Red Brain, Blue Brain: Politics and Gray Matter

The following findings have nothing whatsoever to do with the fact that they come from scientists at New York University, which is situated in what is arguably one of the bluest neighborhoods (Greenwich Village) of the bluest borough (Manhattan) in the bluest city (New York) of one of the country's bluest states (New York). What they've found, basically, is that political conservatives don't, won't and can't change their minds, reverse a decision or revise a judgment no matter how much contradictory evidence stares them in the face. Liberals? They, say the scientists, "report higher tolerance of ambiguity and complexity, and greater openness to new experiences." The study appears today in the online edition of Nature Neuroscience.

In all fairness, the study is rigorous in its design and execution. It is also the next beat in a series of advances in understanding what underlies political beliefs. In round one, psychologists took the lead: they studied the behavior and personalities of self-described liberals and conservatives. (Let me add a cautionary note here: in most of these studies, people place themselves along the political spectrum from right to left, typically from +5 for very conservative to -5 for very liberal. Obviously, how you rate yourself is not only subjective but relative to those around you. Someone in red-state Idaho who considers herself a liberal -3 because she doesn't think gay men should be fired from their jobs because of their sexual orientation might be more like a conservative +3 in, say, Greenwich Village because she also regards gay marriage, civil unions and adoptions as abominations.)

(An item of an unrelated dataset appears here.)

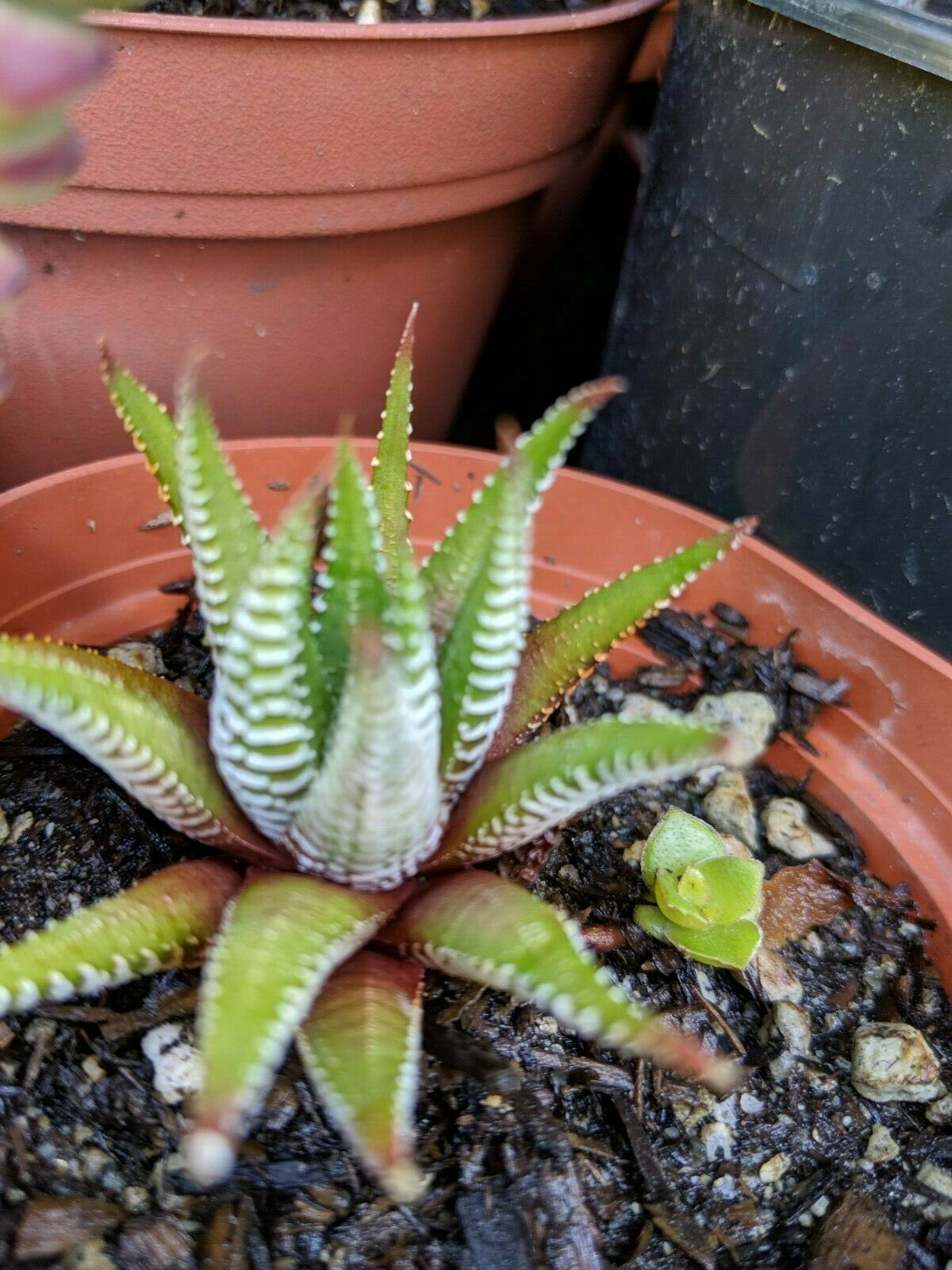 zebra plant yard garden outdoor living on Haworthia Zebra Cacti Succulent In 2 Pot And Similar Items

OK, but let's say the self-ratings have some validity. Psychologists repeatedly find that conservatives are "more structured and persistent in their judgments and approaches to decision making," and have greater "personal needs for order, structure and closure," as the new paper puts it. Liberals, on the other hand, are more tolerant of "ambiguity and complexity," and more open to new experiences.

Round two is being waged by neuroscientists wielding the latest in brain-imaging toys. For the current study, led by David Amodio of New York University, the scientists used a technique called event-related potentials, which measures electrical activity due to the concerted firing of neurons. They had their 43 subjects play a game of Go/No-Go, in which they have to quickly respond to a stimulus that means "go" (such as seeing a red triangle on the computer monitor, which means "press a button"). The go stimulus appears over and over and over, so you get used to pressing the button. Then, out of the blue, comes a no-go stimulus, such as a green circle. You have to stifle your button-pressing habit.

When their brains needed to recognize the conflict between their habitual response (press button) and the new information (a no-go stimulus), liberals and conservatives looked as different as, well, red and blue. Liberals showed much greater activity in the part of the brain called the anterior cingulate cortex, which recognizes conflicting information or signals; they were also more accurate at repressing the button presses. The more liberal they were, the more accurate they were. The brains of conservatives, on the other hand, showed less activity in response to a signal (no-go) that conflicted with their expectations (go) and habits of thought.

Liberalism, conclude the scientists, "is associated with greater neurocognitive sensitivity to cognitive conflict" between, say, what they believe and the evidence before their eyes.

The reader is referred to the correlation between political ideology and the belief that, for instance, after the 2003 invasion weapons of mass destruction were discovered in Iraq. A 2004 poll in Britain, for instance, found that "Labour supporters (58%) are more likely than Conservatives (42%) or Liberal Democrats (41%) to believe that Iraq had weapons of mass destruction"; see also here and here.

Does this mean some people are hard-wired for liberalism and others are hard-wired for conservatism? No. Not only is the very idea of hard wiring passe, but there is a growing recognition among neuroscientists that experiences and thoughts act back on the physical stuff of the brain that produces them. In other words, resist the easy interpretation that some innate pattern of activity in the anterior cingulate makes you fall in a particular spot on the political spectrum. More likely, thinking and believing a certain way affects the conflict-detecting circuitry in the anterior cingulate. What and how you think alter the structure and function of the brain.